4th Sunday after Pentecost
Genesis 18: 1-15 – Sarah Laughed
Dedication: Strong, Gentle Children #511
Invitation: Here I Am, Lord #452
Father --- beget, sire, procreate.
I. Image of fatherhood
A. In this culture --- Fred MacMurray, Brian Keith, Ozzie Nelson, Ricky Ricardo, John and Grandpa Walton, Ward Cleaver, Bill Cosby. --- compassionate but strong, completely trustworthy. Promise keeper.

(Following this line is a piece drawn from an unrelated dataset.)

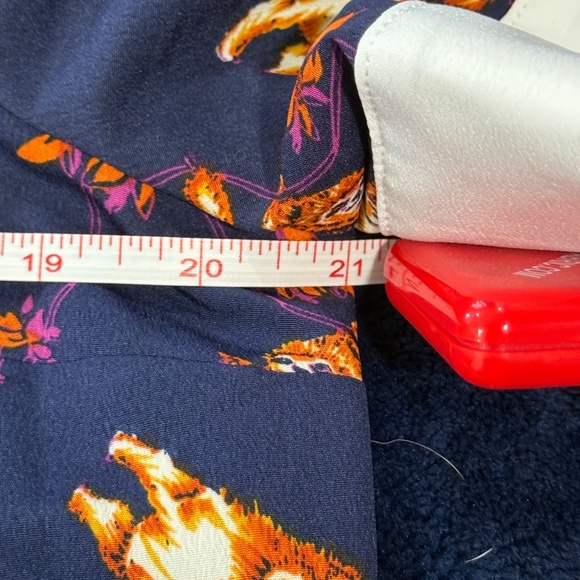 SOLD—NWOT Modcloth Sloth Swing Blouse-Size L - Picture 8 of 10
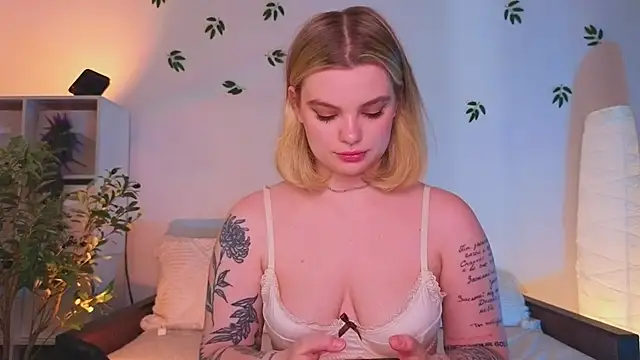 Snapshot of Hottie_Jane chatting on May 2, 2026, 11:59 am Hottie Jane online show from May 2, 2026, 11:59 am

B. Roman Catholic --- Russ Scheel “I’m not a father, I have children.” --- sadly, our stories from that microcosm of our culture remind us of the tragedy when father’s promise is broken, when fatherly trust is abused. A Man for All Seasons. Sir Thomas More's daughter Meg is begging her father to save himself by going back on a promise he made. More's answer helps us to understand why we need to keep our promises: "Ah, Meg, when a man takes an oath he holds his own self in his hands, like water, and when he opens his hands he need not hope to find himself again."
C. Lakota culture --- my beloved father.
A. Eastern culture --- story of the father eagle. “I give all of my time caring for you – when I am old, will you give all your time caring for me?”
II. Father Abraham
A. Abram’s fatherhood begins with a promise. A promise from God. He is asked to leave his father’s house Ur (Iran) and to travel and establish himself near the great oaks of Mamre (Israel).
B. Sitting at the entrance to his tent --- a sacred space, place of meditation.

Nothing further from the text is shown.